The real goal of SpaceX’s Starlink system…

More from outer space…

Elon Musk’s SpaceX just filed with the International Telecommunication Union (ITU) to launch 30,000 more satellites as part of its Starlink system.

This is SpaceX’s satellite network in low Earth orbit. The stated goal is to create a satellite net around the Earth that can provide communications access to anywhere on the planet.

Just to be clear, Starlink is not intended to compete with mobile phone networks or land-based internet networks. Satellite networks just aren’t as fast. They have latency and bandwidth issues. But they are great for people living in remote areas and for ships out at sea… where no other coverage is available.

SpaceX’s plan for 30,000 more satellites is incredible. The company just deployed its first 60 satellites in May. And it already has approval to launch 12,000. Adding another 30,000 to this would make the largest satellite constellation ever.

And I believe I know what Musk’s master plan is here…

I believe SpaceX is establishing what will essentially be a backhaul network for space. We can think of it as a routing network between space and Earth. Consider this…

Most satellites are launched into low Earth orbit because it is cheaper to get them there. But low Earth satellites are not geostationary. They move around the Earth at high speeds as it rotates… which means the same satellite does not stay above the same geographic location. And that means Earth-bound communications must constantly flow through different satellites and base stations around the world.

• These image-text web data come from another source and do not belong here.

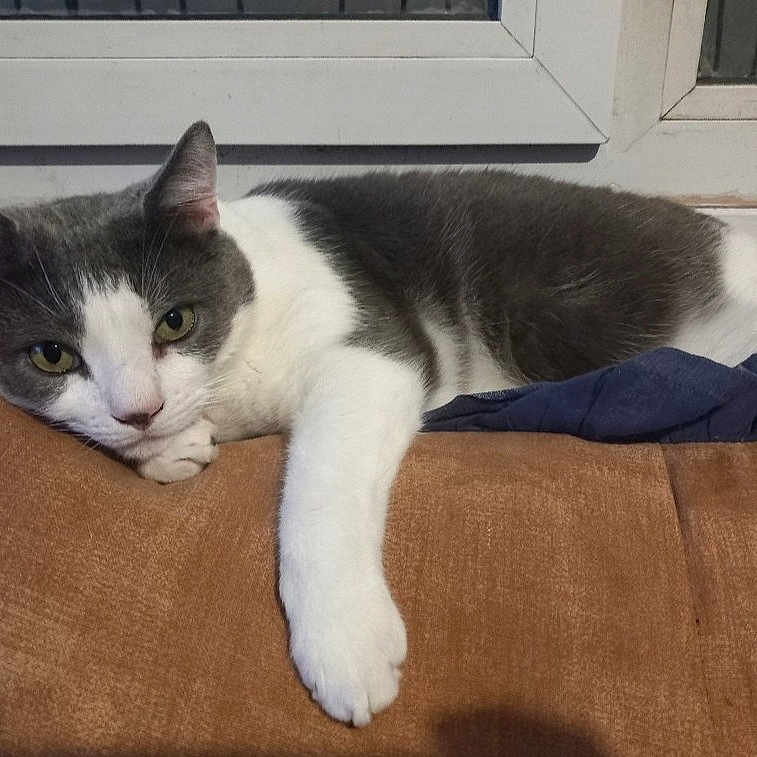 Le Mignon participe au concours pour gagner de l'argent avec cette photo : cat, gray_and_white, resting, cushion, paw, window, indoor, relaxed, feline, pet, fur, animal, whiskers, ears, face, looking, cozy, home, laying_down, domestic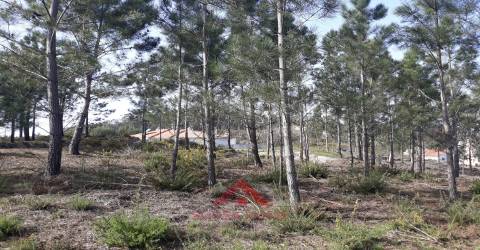 LOTE C/ Projecto Aprovado Moradia - Boavista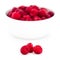 Three red juicy raspberries in front of white bowl with more raspberries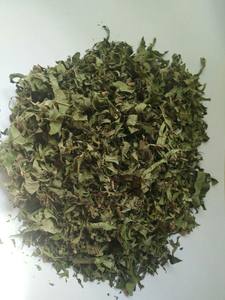 Hojas de Guayaba Secas Premium – Naturales, Saludables, de Grado Premium para Té y Uso Herbal // Mr.Tom - Product Image 6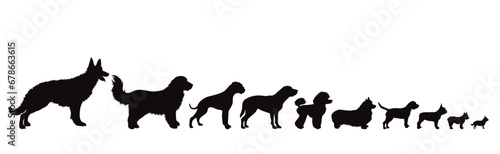 Vector silhouette of set of dogs on white background. Symbol of pet and dog.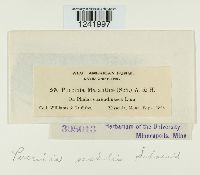 Puccinia sessilis image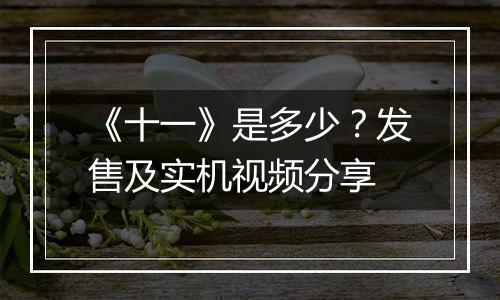《十一》是多少？发售及实机视频分享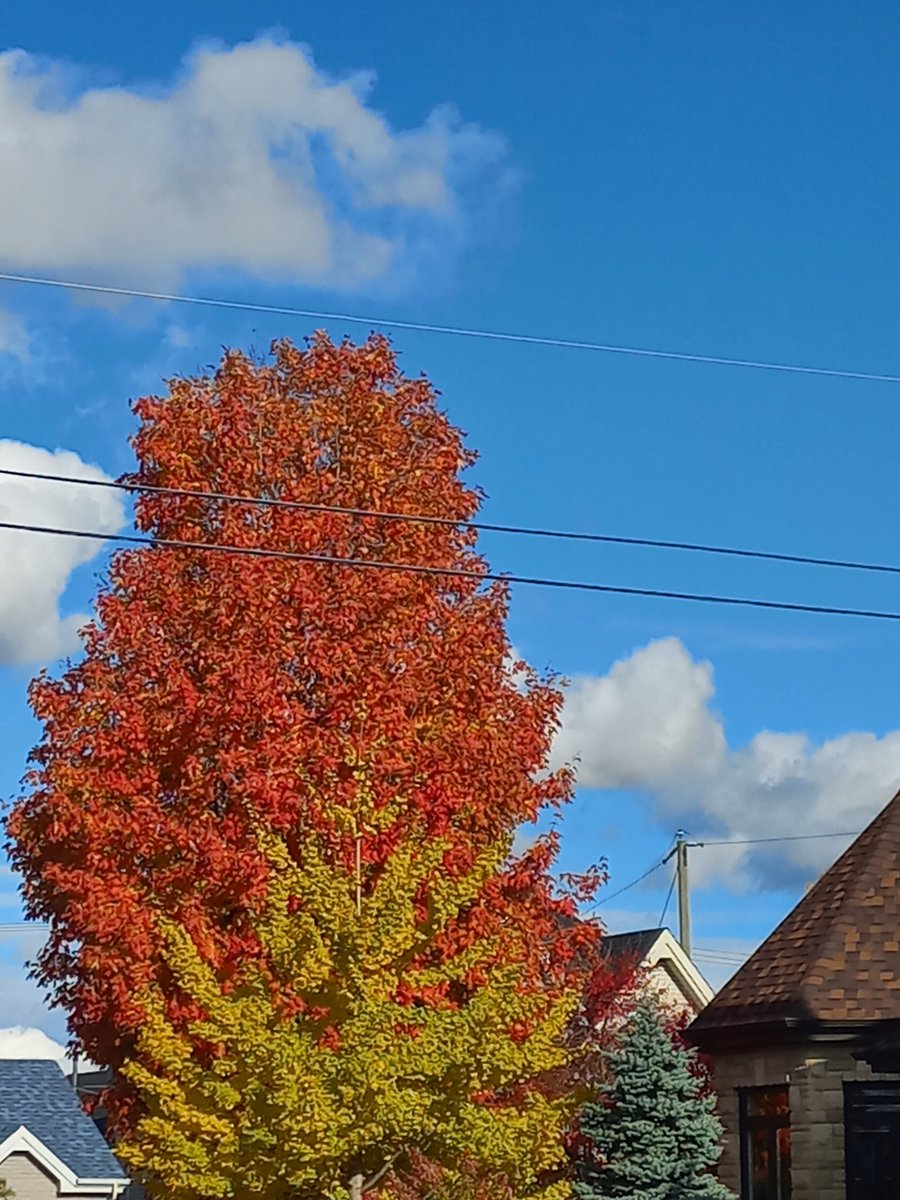 Dans mon voisinage 🧡
📸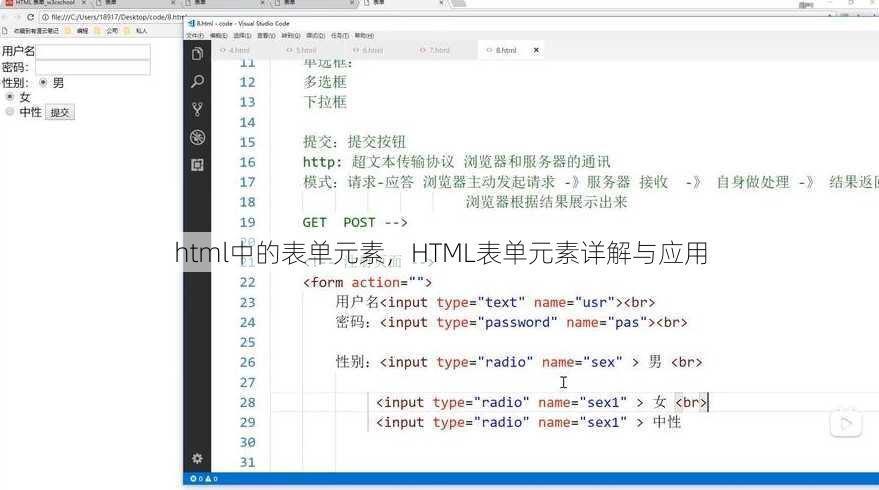 html中的表单元素
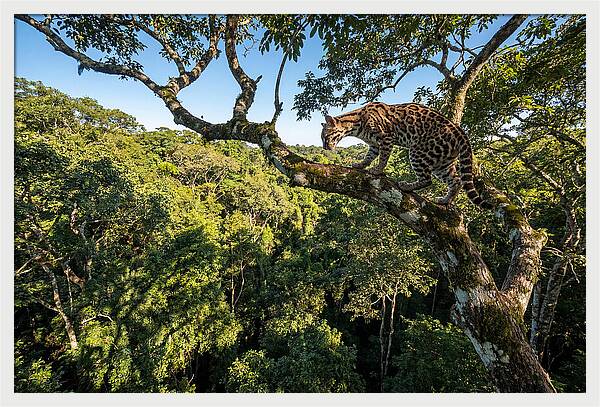 Ocelot Walking Gracefully On Branch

Well, with a massive Starlink network, any satellite could communicate directly with any point on Earth. The Starlink system would essentially be an important relay network between Earth’s orbit (space) and Earth itself.

That’s what I see as SpaceX’s master plan. The company would then sell Starlink services to governments and corporations that need to maintain a connection to their satellites in low Earth orbit in real time.

It’s an ambitious plan, but if SpaceX can get a Tesla Roadster into space, send a manned mission around the Moon, and build a spaceship to Mars, I’m inclined to believe that it will get the Starlink network up and running as well.